The above search was performed on 20.8.2025, leading to the download of 383 Indian records. The paper presents a detailed bibliometric analysis of the subject. From each record, the following information is extracted: author names, publication titles, publication years, affiliations, keywords, citation count, and funding. However, no medical images or algorithms were analyzed; only bibliographic metadata from Scopus (titles, authors, keywords, affiliations, and citations) were examined.

We have generated some figures for this biometric study by VOSviewer (https://www.vosviewer.com/), as it provides a visual representation of bibliometric relationships, enabling the identification of research clusters, collaboration networks, and emerging themes.

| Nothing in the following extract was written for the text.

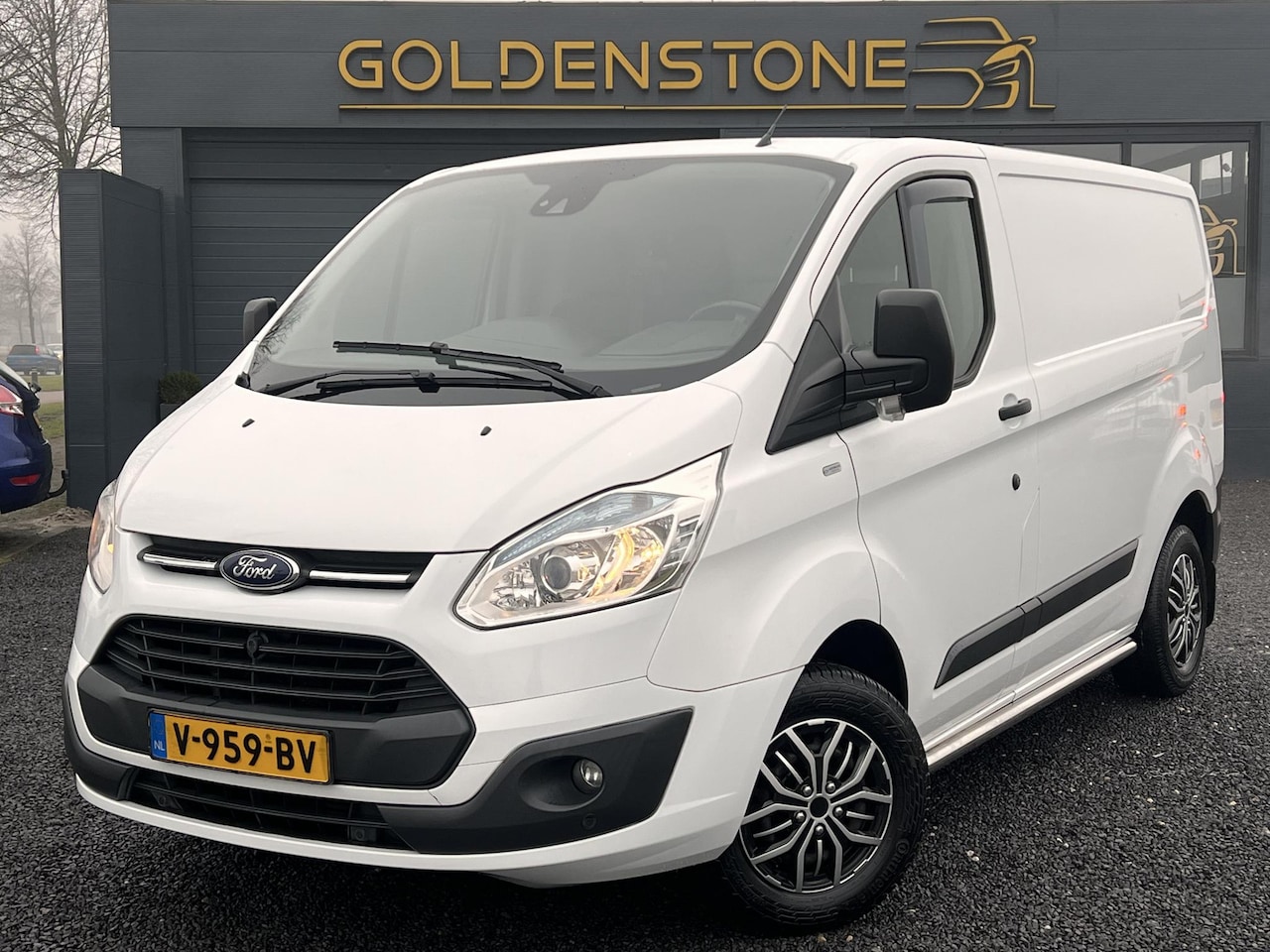 Ford Transit Custom - 270 2.2 TDCI L1H1 Trend 2e Eigenaar,Trekhaak,Camera,Navi,Pdc,3-Zits,6 Bak,101pk,Stoelverwa - AutoWereld.nl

These maps enhance the interpretability of complex data and highlight the structure and evolution of research within the field.

RESULTS

Overall picture

The research output from 2017 to 2025 demonstrates a significant upward trajectory in global publishing landscapes, including India [Figure 1]. The global output had 2,761 papers, of which India contributed 383, reflecting a robust overall Compound Annual Growth Rate of 1.329. India’s contribution to the global total expanded dramatically, rising from a mere 0.26% share (1 paper) in 2017 to a peak of 34.46% (132 papers) in 2024. However, while the volume of publications surged, the impact metrics showed an inverse trend; the Citations Per Paper (CPP) for Indian output was highest at the inception (71.00 in 2017) and steadily declined to 2.90 in 2024 and 2.67 in 2025, with the Relative Citation Index similarly (RCI) dropping from 10.847 to 0.409 [Table 1].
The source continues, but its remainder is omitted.